Leaving on a jet plane

My brother and his little family are moving to Montana. It's the furthest from home any of my siblings have ever gone permanently. My parents are also moving...although only a short walk from the house they built when I was 16.

Change is difficult for me. Especially if it involves my family. I was too frightened, as a child, to tell even my parents what had happened to me. All because my abuser threatened my family. Since that time I have been, understandably, very protective and almost over-attached to each member of my family - and, by extension, their families. Although I can rationally say it is fine for my brother to move, fine for my parents to build a new house, emotionally, I am a mess about it. The way we think and feel - how convuluted it is! And how much of it is determined when we are just kids?

My brother Scott and his twin girls, Katie and Jess
Scott is 18 months younger then me and we were so close as toddlers that he felt like part of myself. 
We had disagreements sometimes, but for the most part I would do anything - and give up any toy - just to know he loved me. We remained close through junior high and high school. I was the first person he told when he was getting married. We often spent time together even after I had graduated from college and he was living and working 3 hours away from where I lived and worked. He also chose a profession very similar to mine in many ways - I am a nurse, and he is a police chief. We both would put our lives on the line to save a complete stranger's life.

It will be hard to lose the many visits per year we have shared together. I am thankful his move is coming in the era of free internet videocalls, text messaging, and Instagram. I hope all the technology facilitates a close relationship even though we are far away.

What kind of change do you resist? Do you struggle with long-distance relationships within your family, wishing they lived closer to yours?

Small portions of belonging

"You never belong until you believe you do. And it’s only when you believe you belong, that you believe you are beautiful." (Ann Voskamp, guest posting for Lisa-Jo Baker, "The Gypsy Mama")

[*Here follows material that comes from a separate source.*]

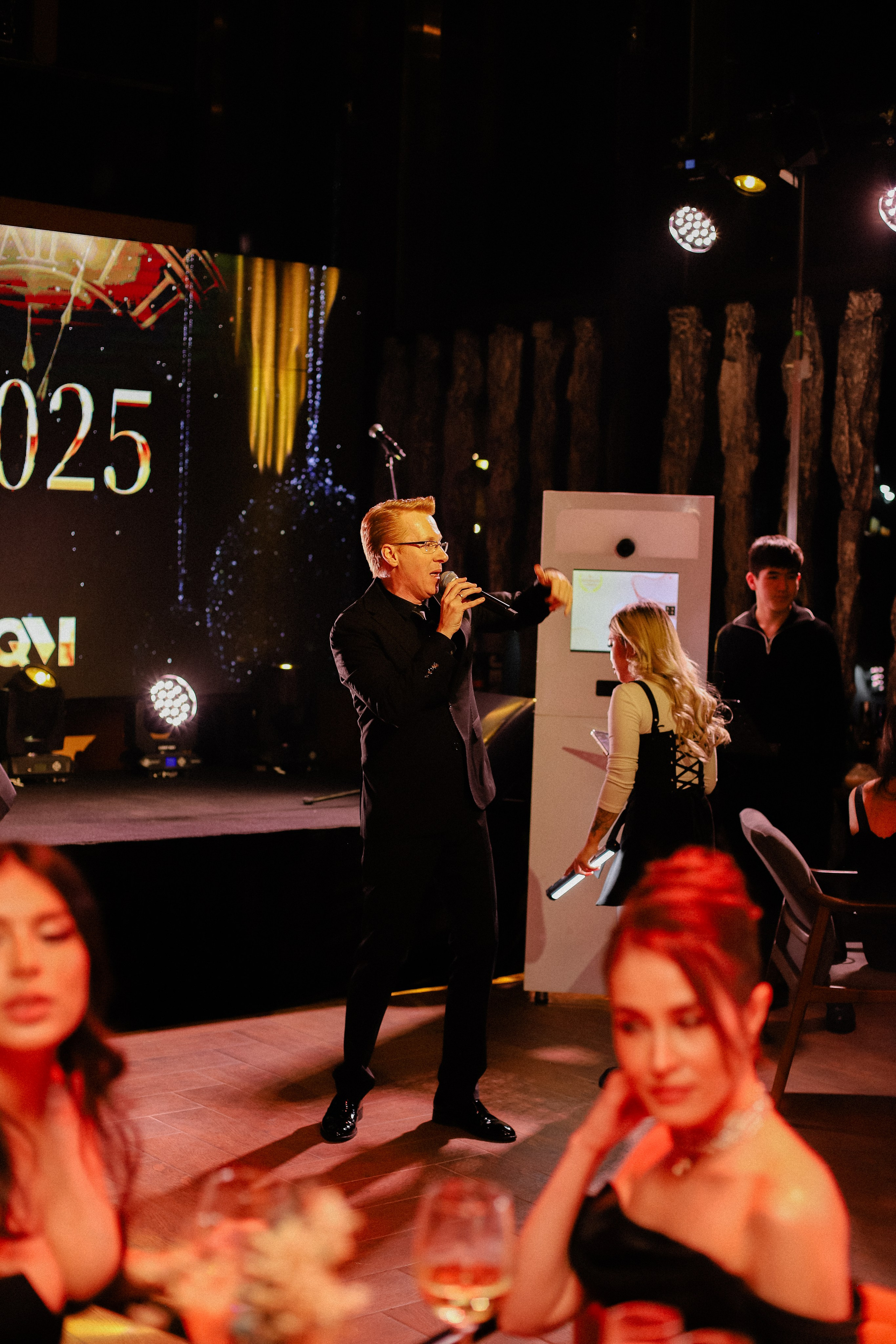 Корпоратив QM | 5.12. Фотограф в Алматы и Москве Даша Пушкина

Sitting on the dugout bench at a baseball game, alone on the far edge, listening to the jokes the boys made of my hairy legs. Not having the bravery to join in my brothers' latest exploit, and that sense of dread mixed with shame like an angry sea roiling inside me. Playing with my dolls all alone, creating a fantasy land where I belonged and others belonged to me.

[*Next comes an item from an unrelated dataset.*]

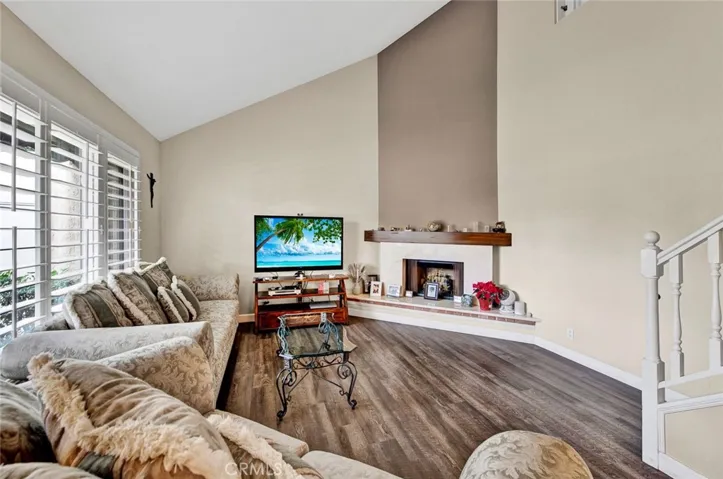 1711 Park Glen Circle C, Santa Ana, California 92706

But worst were the whispers of an abuser who told me I was "different", "weird", "disgusting", that the world would be better off without me. 

When your soul is still a blank slate, those words begin to define you. Deep-seated self-hatred and self-doubt lead to misery even on the best of days. Sing-song of the schoolyard on which I was also a foreigner - homeschooled before the cool kids did it - "Sticks and stones may break my bones, but words will never hurt me." Sing-song of the tormented lobbed back at tormenter as she stitches another plate of armor around her soul. 

Maybe it should be sung, "Stick and stones may break a bone, but words will never leave me."

20 years later, I am waving goodbye to 10 years of friendships that are now in the rearview mirror. If I had difficulty trusting before, it is almost impossible now. Relationships become a constant waiting game, anticipating you leaving me. It is only in pairs that I can relax, breathe, open up the armor and let you in.

It has been said that belonging is our foundational need. Perhaps being grown up is realizing that belonging happens in small slices. It is not a universal experience that occurs in every group, every team, every congegration. The few that have known you and loved you anyway give you enough belonging to float through seasons of isolation.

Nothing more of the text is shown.